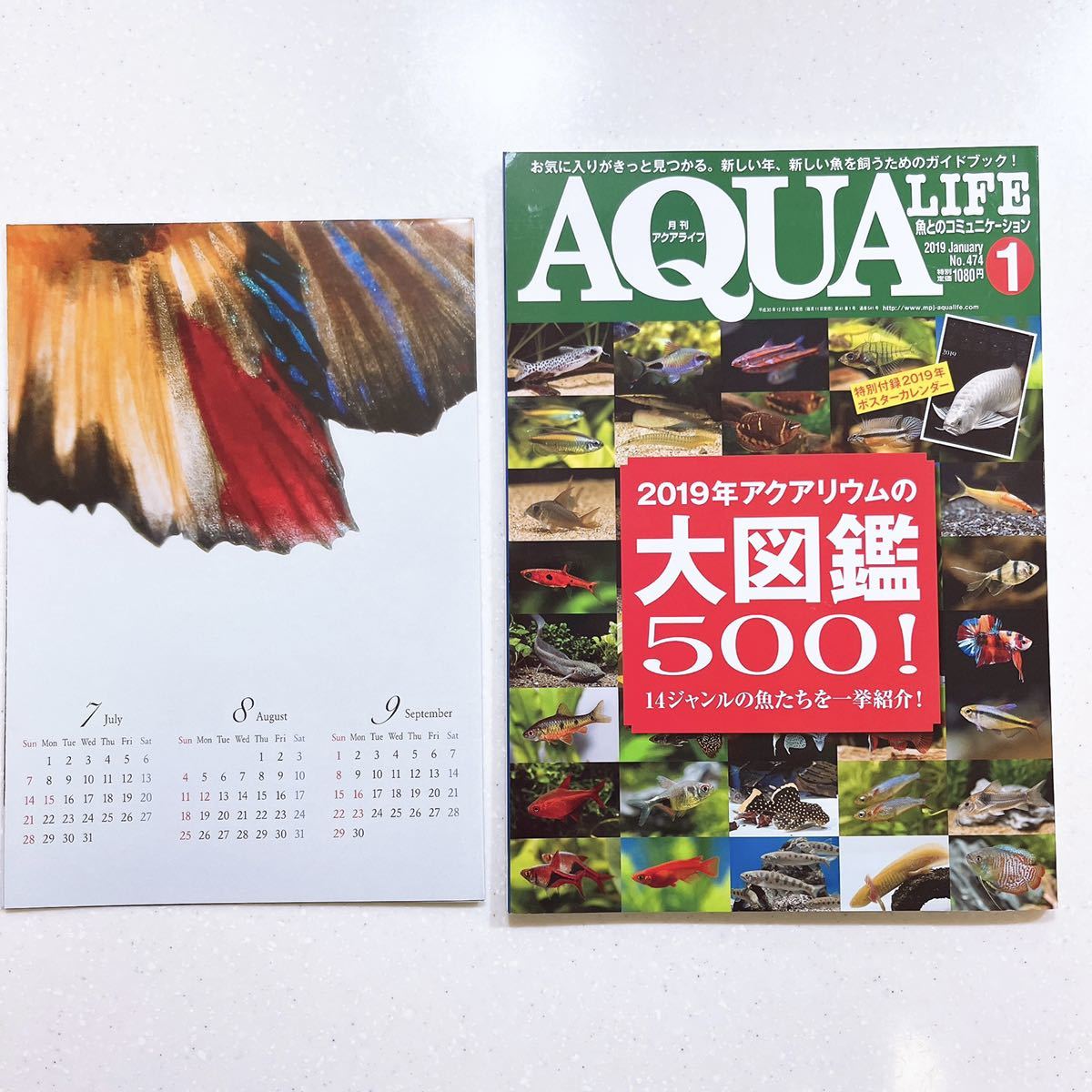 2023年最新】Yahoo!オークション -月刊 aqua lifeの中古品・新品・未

==

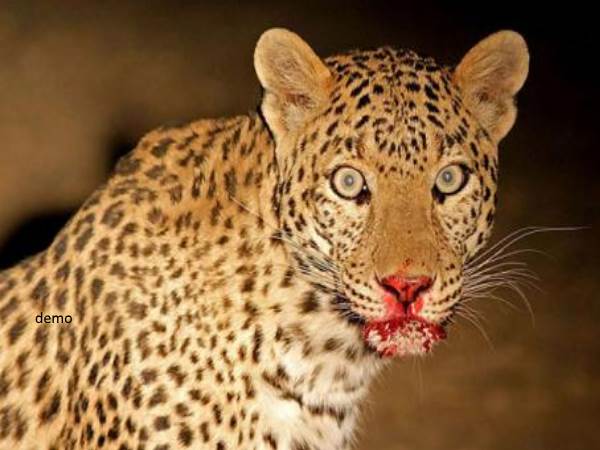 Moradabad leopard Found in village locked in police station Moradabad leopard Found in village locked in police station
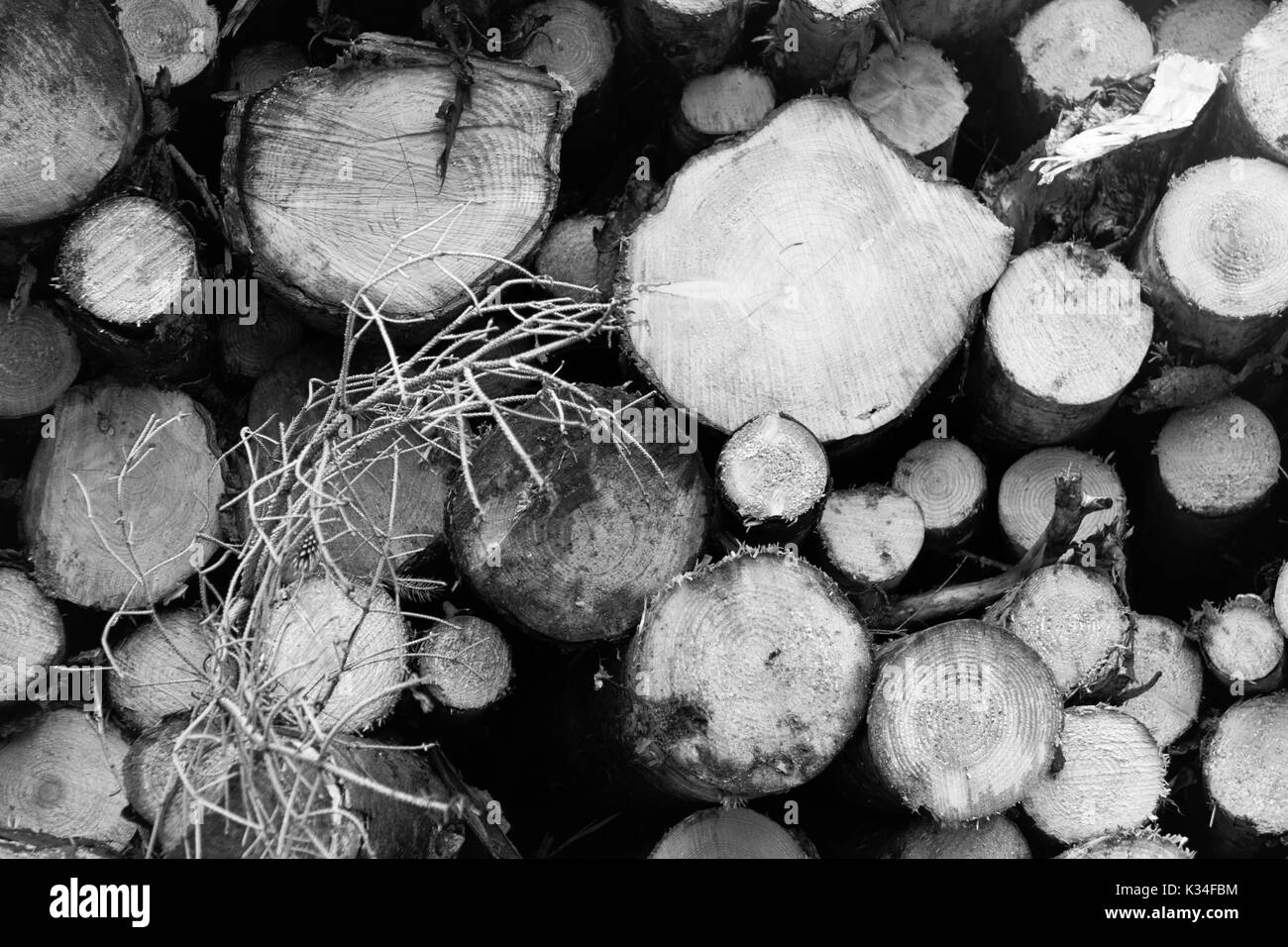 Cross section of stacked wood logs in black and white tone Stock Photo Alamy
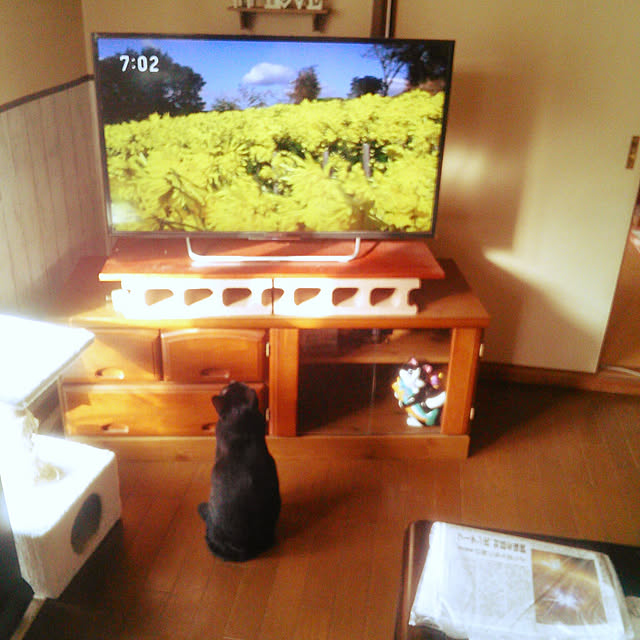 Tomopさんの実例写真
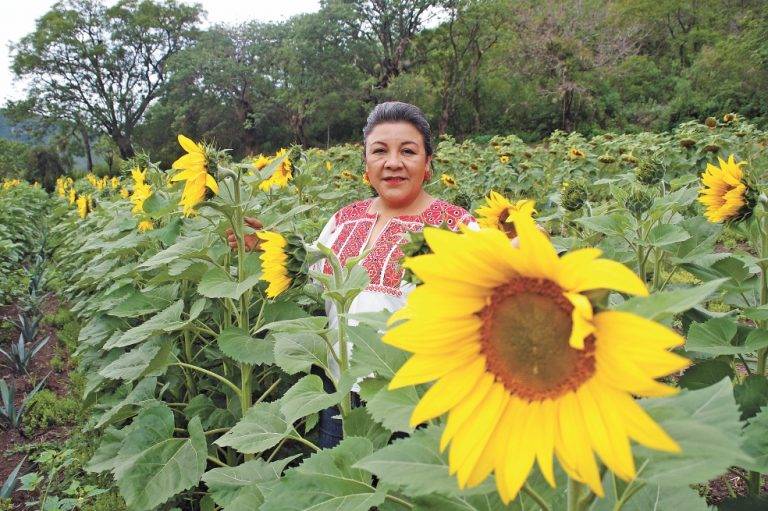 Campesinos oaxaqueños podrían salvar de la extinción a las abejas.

---

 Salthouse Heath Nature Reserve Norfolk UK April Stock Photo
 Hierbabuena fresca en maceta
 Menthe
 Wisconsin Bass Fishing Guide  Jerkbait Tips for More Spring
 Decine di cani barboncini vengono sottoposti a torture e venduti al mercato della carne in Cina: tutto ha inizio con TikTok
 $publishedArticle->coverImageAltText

[WORK REQUEST]: Exactly as written above, retype the lines starting at the one holding "Cross section of" and ending at the one holding "Campesinos oaxaqueños podrían", both included, but not the pictures.

[SOLUTION TO THIS EXERCISE]:
 Cross section of stacked wood logs in black and white tone Stock Photo Alamy
 Tomopさんの実例写真
 Campesinos oaxaqueños podrían salvar de la extinción a las abejas.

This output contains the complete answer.